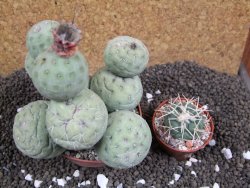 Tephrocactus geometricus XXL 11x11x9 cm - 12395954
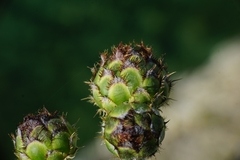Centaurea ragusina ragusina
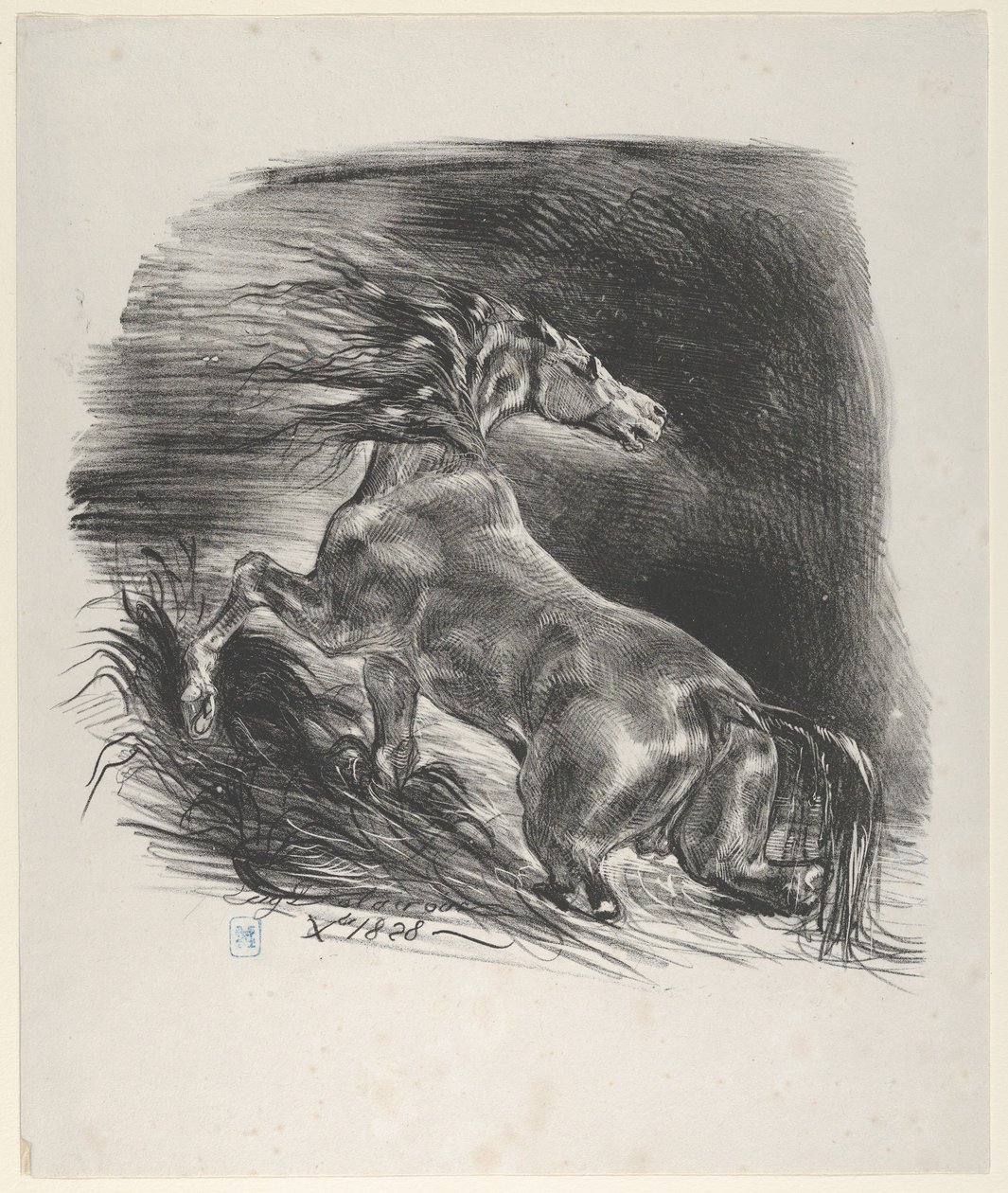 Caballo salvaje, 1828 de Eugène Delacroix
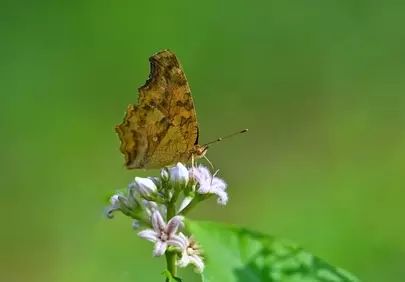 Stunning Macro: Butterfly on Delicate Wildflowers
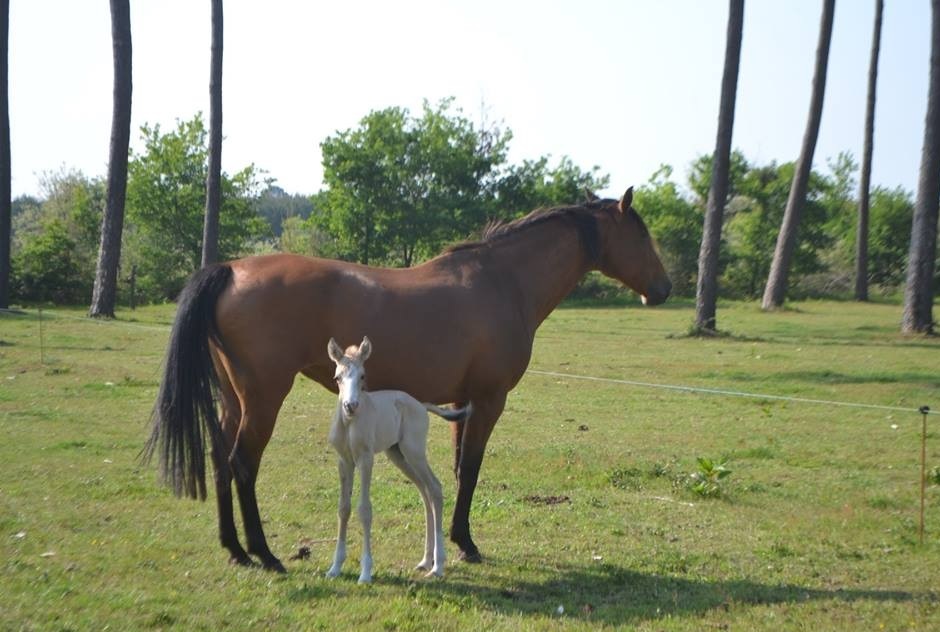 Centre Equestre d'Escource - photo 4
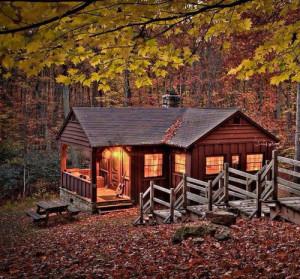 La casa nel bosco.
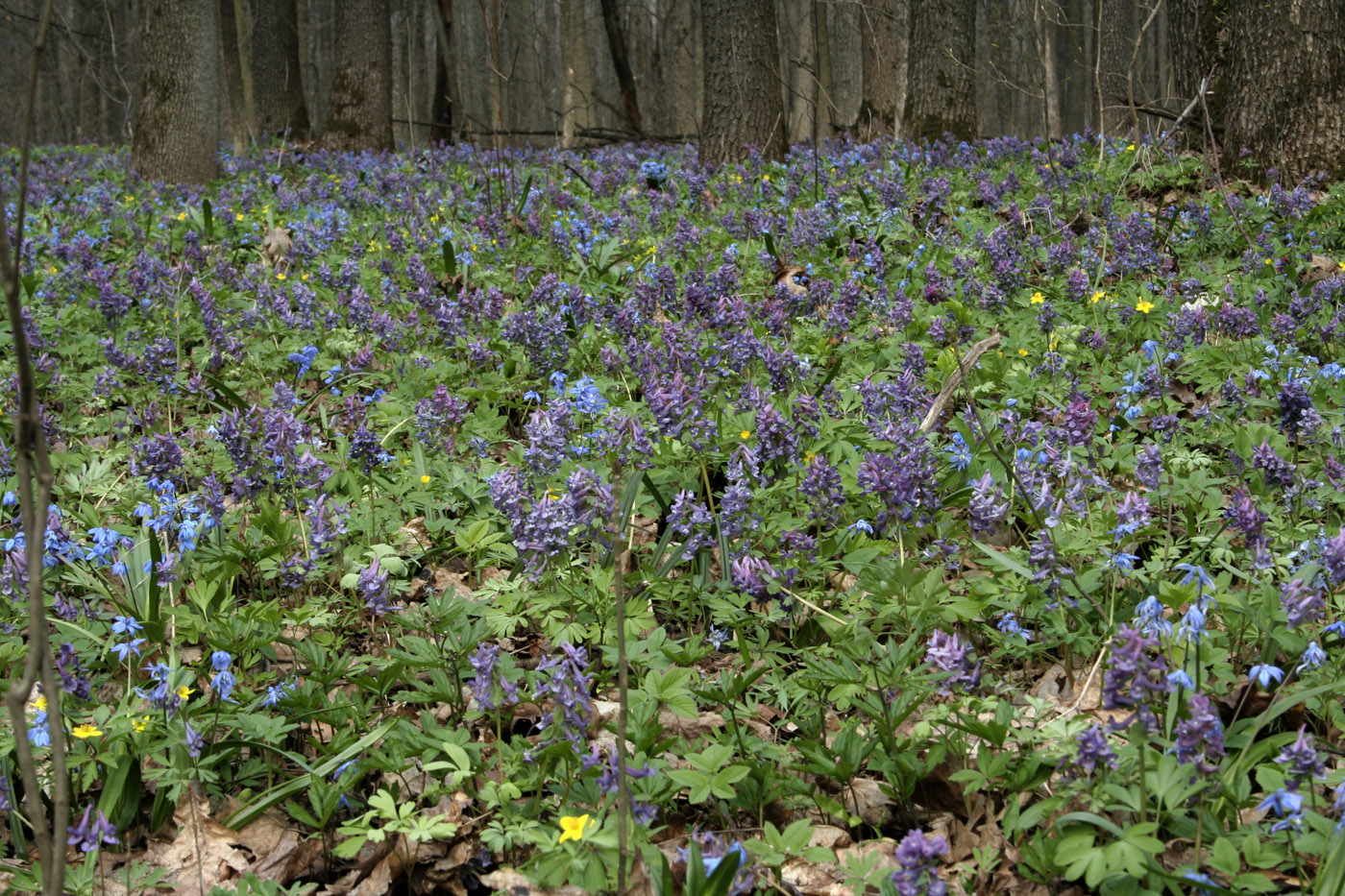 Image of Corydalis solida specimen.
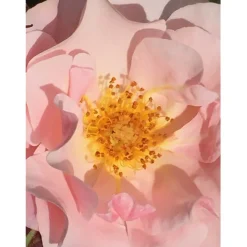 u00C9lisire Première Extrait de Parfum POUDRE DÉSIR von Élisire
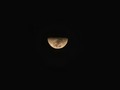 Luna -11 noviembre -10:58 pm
##############################
● **Assignment**:
The line containing "u00C9lisire Première Extrait" marks the start: set down exactly that line and every line after it through the last line of the data, without any pictures.

● **Result**:
 u00C9lisire Première Extrait de Parfum POUDRE DÉSIR von Élisire
 Luna -11 noviembre -10:58 pm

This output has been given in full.